→ **SUPPLIED RECORDS**:
____

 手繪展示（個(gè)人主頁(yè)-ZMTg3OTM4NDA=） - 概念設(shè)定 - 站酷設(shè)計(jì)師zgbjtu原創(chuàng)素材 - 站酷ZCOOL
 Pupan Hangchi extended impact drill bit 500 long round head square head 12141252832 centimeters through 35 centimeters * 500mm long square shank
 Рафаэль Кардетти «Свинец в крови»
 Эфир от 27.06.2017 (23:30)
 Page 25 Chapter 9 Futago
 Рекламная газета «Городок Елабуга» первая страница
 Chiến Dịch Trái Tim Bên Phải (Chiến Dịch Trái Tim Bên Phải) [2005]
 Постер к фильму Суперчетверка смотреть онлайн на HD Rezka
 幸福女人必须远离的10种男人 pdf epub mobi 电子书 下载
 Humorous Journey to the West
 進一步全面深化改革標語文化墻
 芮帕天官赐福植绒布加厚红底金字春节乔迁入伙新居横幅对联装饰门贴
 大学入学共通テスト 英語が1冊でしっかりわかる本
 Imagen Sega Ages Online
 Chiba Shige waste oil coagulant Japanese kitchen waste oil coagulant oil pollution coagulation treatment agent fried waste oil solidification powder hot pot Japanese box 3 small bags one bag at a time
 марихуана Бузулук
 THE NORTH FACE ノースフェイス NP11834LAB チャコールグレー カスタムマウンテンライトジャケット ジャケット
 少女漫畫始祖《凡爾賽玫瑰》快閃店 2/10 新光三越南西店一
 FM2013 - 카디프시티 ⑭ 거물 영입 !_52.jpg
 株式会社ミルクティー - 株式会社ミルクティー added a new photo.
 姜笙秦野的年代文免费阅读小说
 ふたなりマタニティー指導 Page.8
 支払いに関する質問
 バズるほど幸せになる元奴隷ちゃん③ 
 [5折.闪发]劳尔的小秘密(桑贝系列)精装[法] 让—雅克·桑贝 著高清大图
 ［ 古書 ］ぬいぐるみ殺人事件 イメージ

____

→ **TASK REQUIREMENTS**: Copy out each line of the entries where the word "Page" is found.

→ **OUTPUT FOR THIS TASK**:
 Page 25 Chapter 9 Futago
 ふたなりマタニティー指導 Page.8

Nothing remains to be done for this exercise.